DATA EXCERPTS:
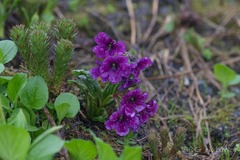 Primula tsariensis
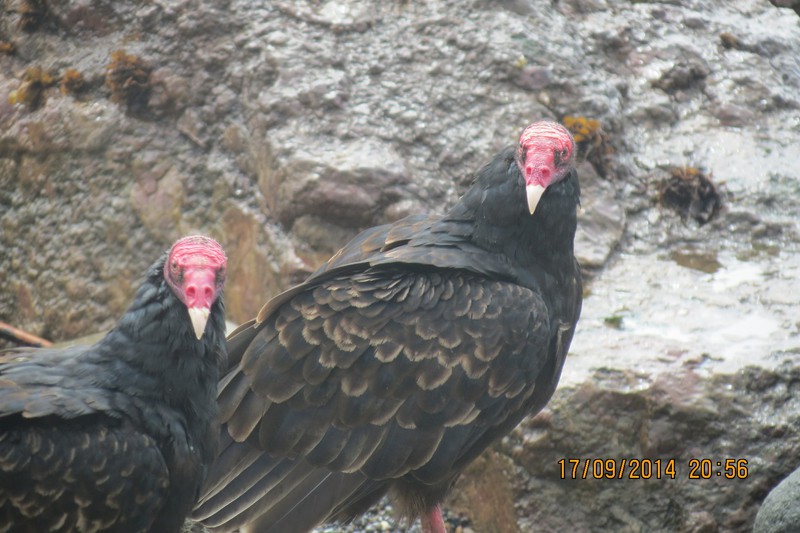 Turkey vultures on the beach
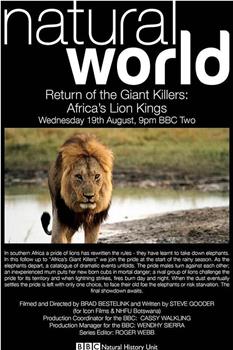 Return Of The Giant Killers - Africa's Lion Kings在线观看和下载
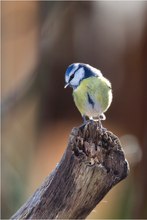 Blaumeise im Gegenlicht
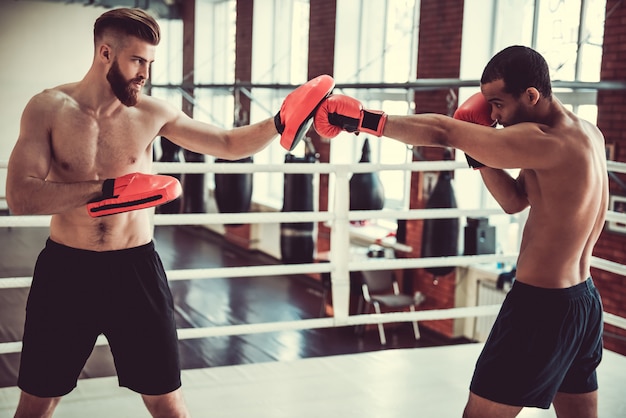 Pugilistas jovens bonitos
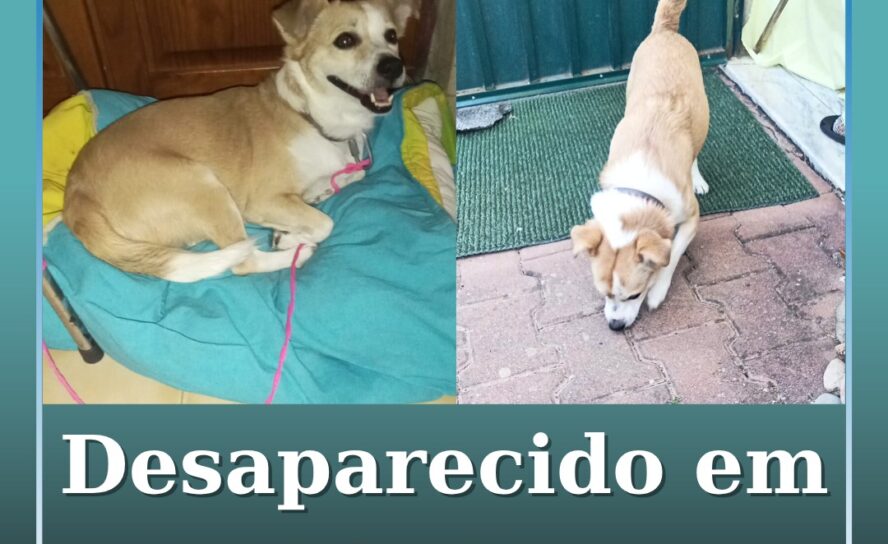 Desaparecido em Castelo Branco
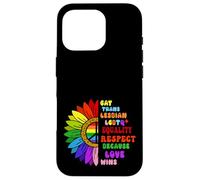 LGBTQ+ Rainbow Vintage Equality Respect Parce Que l'amour gagne Coque pour iPhone 16 Pro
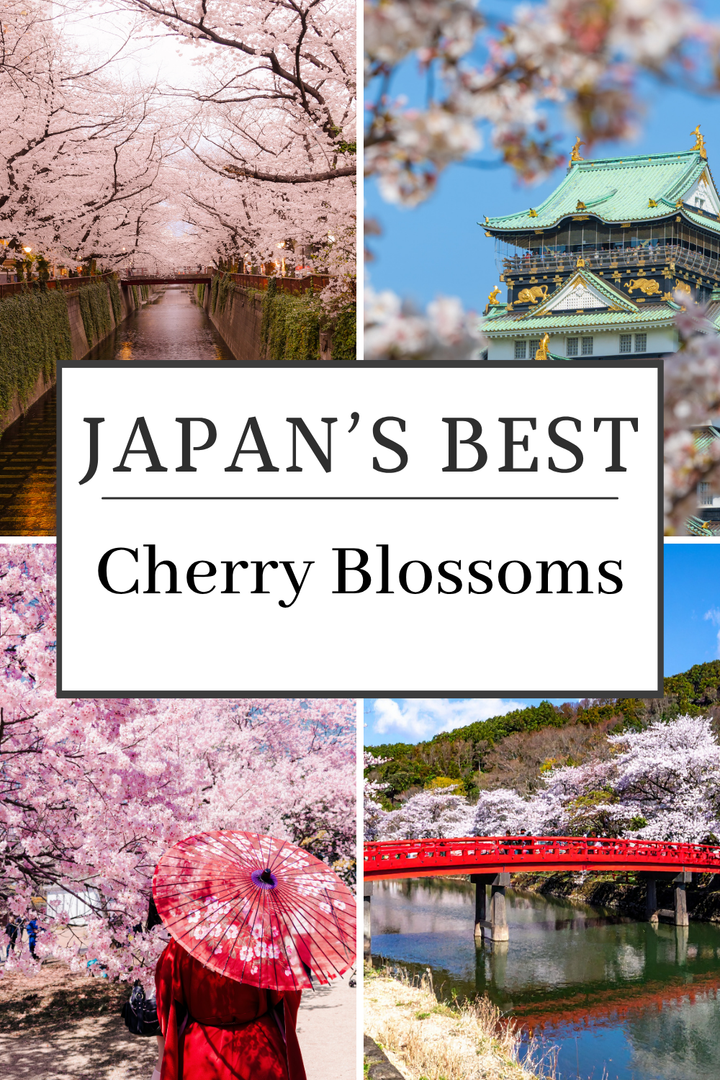 Best Places in Japan to View Cherry Blossoms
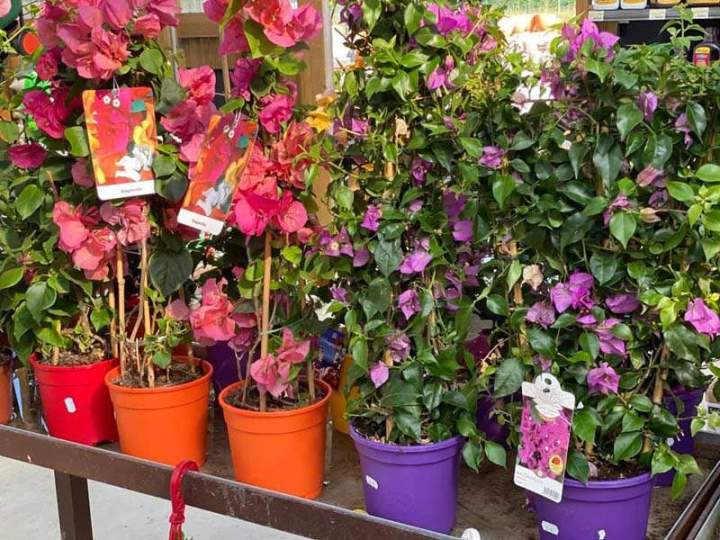 Magasin de plantes Cadenet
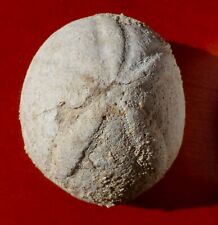 Oursin fossile gironde d'occasion  Cuxac-d'Aude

ASSIGNMENT: Make an exact copy of only those lines that run from the line with "Desaparecido em Castelo Branco" through the end of the records, excluding pictures.

RESULT BELOW:
 Desaparecido em Castelo Branco
 LGBTQ+ Rainbow Vintage Equality Respect Parce Que l'amour gagne Coque pour iPhone 16 Pro
 Best Places in Japan to View Cherry Blossoms
 Magasin de plantes Cadenet
 Oursin fossile gironde d'occasion  Cuxac-d'Aude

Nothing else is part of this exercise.